CIndex[1] is a compressed index for FASTQ files. It uses the Burrows-Wheeler transform[2] and the wavelet tree[3], combined with hybrid encoding and succinct data structures, to achieve minimal space usage while enabling fast retrieval on the compressed FASTQ files.
CIndex uses compiler c++ 11, g++ 5.4 and above, with sse4.2, and Ubuntu16.04.1 LTS 64.
$ git clone https://github.com/Hongweihuo-Lab/CIndex.git
$ cd Cindex
$ make
By entering different commands after –z, you can enter different operating modes.
The operation modes include: build, cr, lr, er, efq, which correspond to the construction of compressed indexes, reads counting, reads positioning, reads extraction, and fastq extraction, respectively.
Create the compressed index of the FASTQ file.
The command to create the compressed index for the FASTQ file is:
Command | Description |
---|---|
./CIndex -f fastqpath -z build | -f fastqpath is the path of the FASTQ file to be compressed. |
-z build means to build the compressed index. |
The index file will be generated under the folder corresponding to the FASTQ file after the operation is completed.
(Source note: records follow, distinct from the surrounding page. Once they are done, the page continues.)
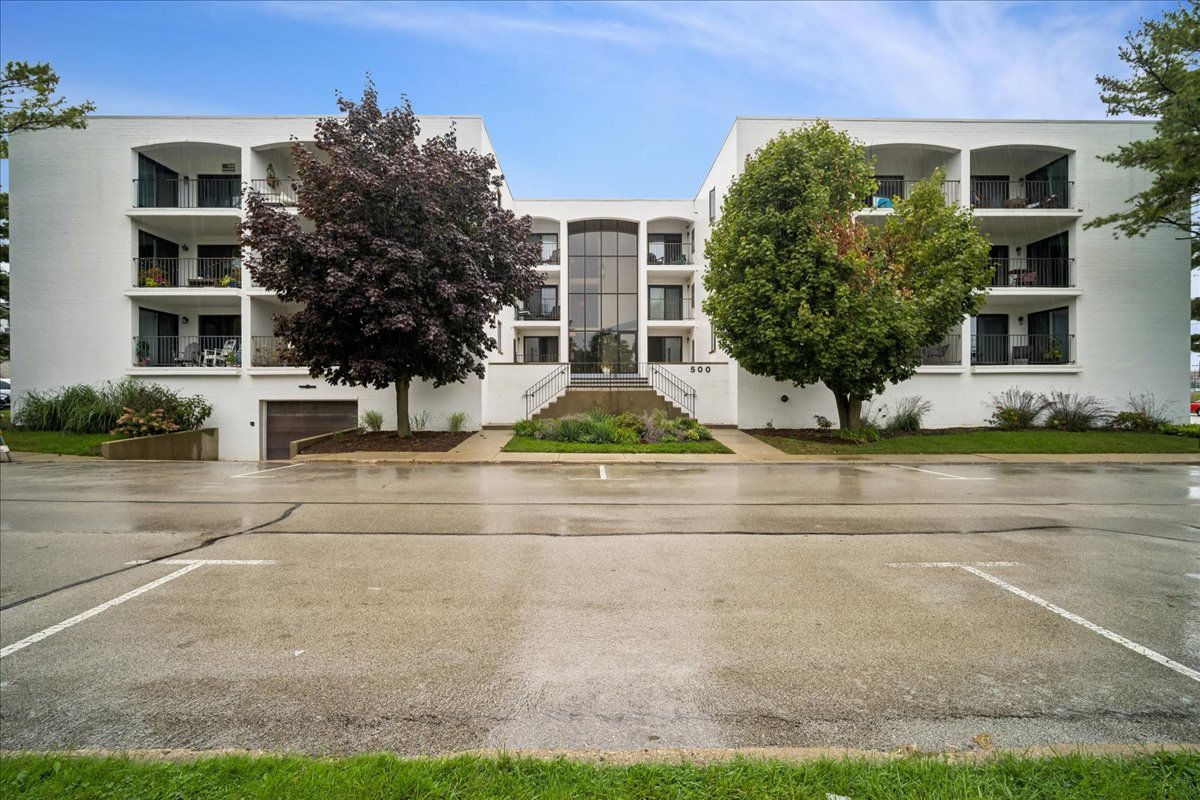 500 Lake View Avenue 2b Property Photo 1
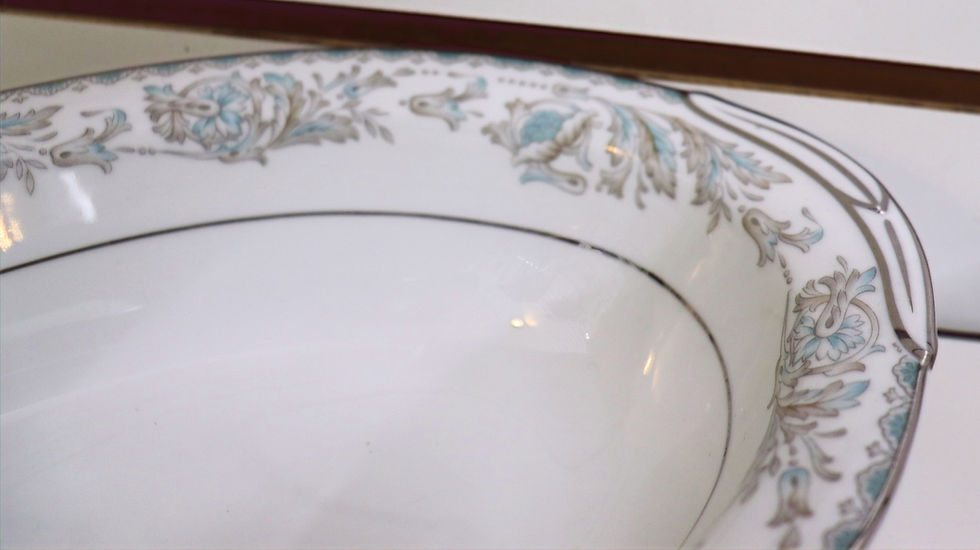 Thumbnail: Noritake Dinner Plates Set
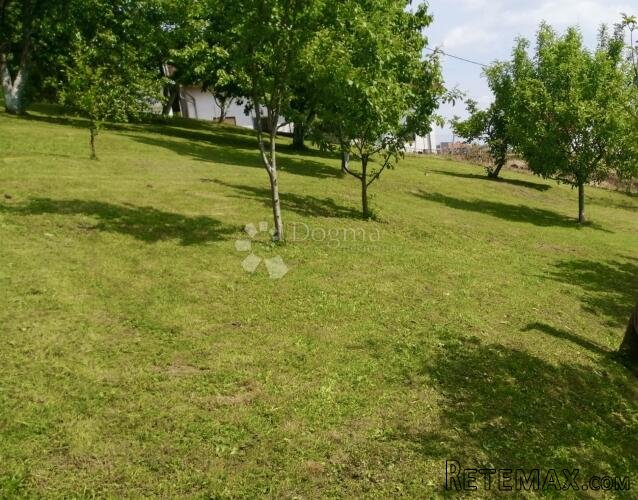 Građevna parcela u zelenoj oazi podsljemenske zone! - 2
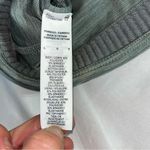 Nike  sports bra size large. Padded with removable padding Photo 4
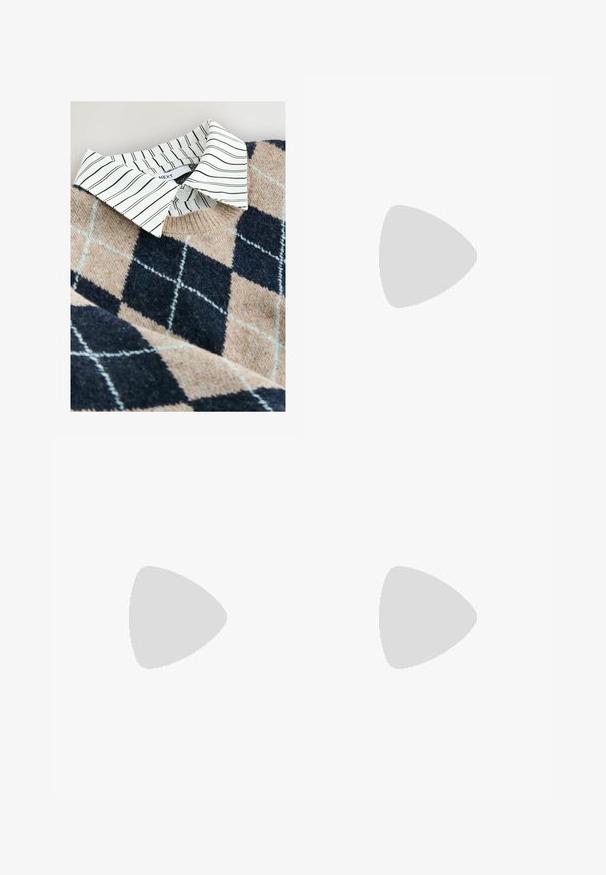 Gestrickter Pullover mit einem Fischgrätenmuster in Beige und Marineblau, darunter ein weißes gestreiftes Hemd mit Kragen und aus einem strukturierten, weichen Material.; Hochtaillierte schwarze Denim-Jeans im weiten Bein-Design, im Fünf-Taschen-Stil, mit silberner Metallbeschläge vorne zum Schließen.; Braune Lederbootsschuhe mit goldenen Ösen, runden Schnürsenkeln und einer strukturierten braunen Gummisohle. Verfügt über genähte Details und ein erhabenes Logo.; Burgunderfarbene Lederhandtasche mit doppelten Traghenkeln, abnehmbarem Schultergurt, goldfarbenen Hardware-Akzenten und runder Form. Mit Reißverschlussverschluss.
CIndex supports four queries: CountR (cr), LocateR (lr), ExtractR (er), extractFASTQ (efq), listed as follows:
Command | Description |
---|---|
./CIndex –f fastqpath –z cr | Input P, it returns the number of occurrences of pattern P in reads strings R. |
./CIndex –f fastqpath –z lr | Input P, it reports all the read line numbers that contain an occurrence of P. |
./CIndex –f fastqpath –z er | Input read line number, it extracts the read associated with the given read line number. |
./CIndex -f fastqpath -z efq | Input P, it extracts the collection of records that contain P. |
[1] H. Huo, P. Liu, C. Wang, H. Jiang, and J. S. Vitter, CIndex: Compressed indexes for fast retrieval of FASTQ files, Bioinformatics, September 15, 2021. https://doi.org/10.1093/bioinformatics/btab655
[2] M. Burrows and D.J. Wheeler, A block-sorting lossless data compression algorithm, Tech. Report SRC-RR-124, Digital Equipment Corporation, Palo Alto, CA, 1994.
[3] R. Grossi, A. Gupta, and J. S. Vitter, High-order entropy-compressed text indexes, In Proceedings of the 14th annual ACM-SIAM symposium on Discrete Algorithms, 2003, pp. 841–850.